Jabran Malik

Jabran Malik has a strong background in security analysis and compliance. Jabran has experience managing various applications and infrastructure systems under the Continuous Monitoring phase of RMF (Risk Management Framework) for multiple organizations, including the Department of Justice, the Bureau of Indian Affairs, and the Environmental Protection Agency.

Jabran's work involves developing security authorization packages using standardized approaches and documentation in compliance with government standards such as NIST, FISMA, OMB, and various agency-specific guidelines. Jabran is skilled in working with NIST Special Publications, including 800-37, 800-53, 800-53A, 800-60, 800-18, 800-30, and FIPS guidelines.

In addition to their compliance work, Jabran performs security testing and evaluation using NIST's 800-53A, conducts vulnerability and compliance scans, and analyzes results for false positives. Jabran also conducts overall security assessments of data, system, network, and personnel.

Jabran has experience preparing Security Authorization Reports (SARs) and reviewing findings with system owners for remediation or acceptance. Jabran has worked with various security tools, including Nessus, and has expertise in developing policies and procedures based on NIST requirements and agency-specific standards.

Before joining The Efiia Group in 2019, Jabran worked at Senet International as a Senior Security Analyst, where they managed applications and infrastructure systems under the Continuous Monitoring phase of RMF for the Bureau of Indian Affairs. Prior to that, they worked at the US Department of Transportation as a Senior Security Analyst, handling FISMA compliance oversight activities.
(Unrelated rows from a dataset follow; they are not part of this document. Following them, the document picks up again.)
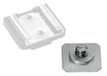 Manfrotto 262 - Accessoire pour appareil photo - Blanc, Argent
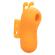 Calexotics - Neon Vibes The Buzzing Vibe Finger Stimulator 10 Vibrations Orange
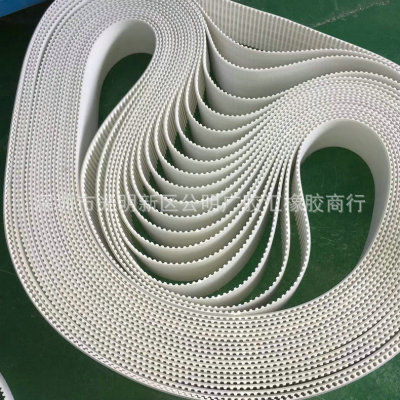 聚氨酯同步传动带 双边机聚氨酯同步带 齿形聚氨酯同步带|ru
Jabran's earlier experience includes roles at Project Performance Corporation, where they managed applications and infrastructure systems for the Environmental Protection Agency and the US Patent and Trademark Office, and at XaSystems Corporation, where they supported FISMA compliance oversight for the US Department of Agriculture.

Before that, Jabran worked at Hewlett-Packard as an Information Systems Security Officer, where they conducted vulnerability assessments, developed policies and procedures, and monitored system security.

Overall, Jabran Malik's extensive experience in security analysis, compliance, and risk management make him a valuable asset in ensuring the security and resilience of organizations' information systems.

Jabran Malik earned a Bachelor's degree in Information Technology from Western Governors University, where they studied from 2012 to 2017. Prior to that, they attended James Madison High School, but no degree or field of study information was provided for this period.

In terms of certifications, Jabran obtained the following:

- Amazon Web Services Solutions Architect Associate from Amazon Web Services (AWS) in June 2020.

- Professional Scrum Master 1 from Scrum.org in August 2019.

- COMPTIA Advanced Security Practitioner from CompTIA in May 2015.

- Database Design Specialist from CIW in May 2015.

- Windows Server Administration Fundamentals from Microsoft in May 2015.

- Network+ from CompTIA in March 2015.

- MTA Database Fundamentals from Microsoft in June 2014.

- ITIL V3 from PEOPLECERT in May 2014.

- Web Design Specialist from CIW in November 2013.

- Certificate of Cloud Security Knowledge (Guidance V3.0) from Cloud Security Alliance in March 2013.

- Security+ from CompTIA in February 2013.

- A+ from CompTIA in December 2012.

- Web Foundations Associate from CIW in December 2012.

- Certified Information Systems Security Professional (CISSP) from (ISC)² in May 2021.

- AWS Certified Developer - Associate, certification institution not provided, in November 2018.

- ITIL Foundation Level 4 from PeopleCert in September 2019.

- Certified Data Privacy Solutions Engineer, specific details not provided.

- Project+, specific details not provided.

- Windows Operating System Fundamentals, specific details not provided.

Please note that some certification details, such as the institution or the month and year of obtention, were not provided for certain certifications.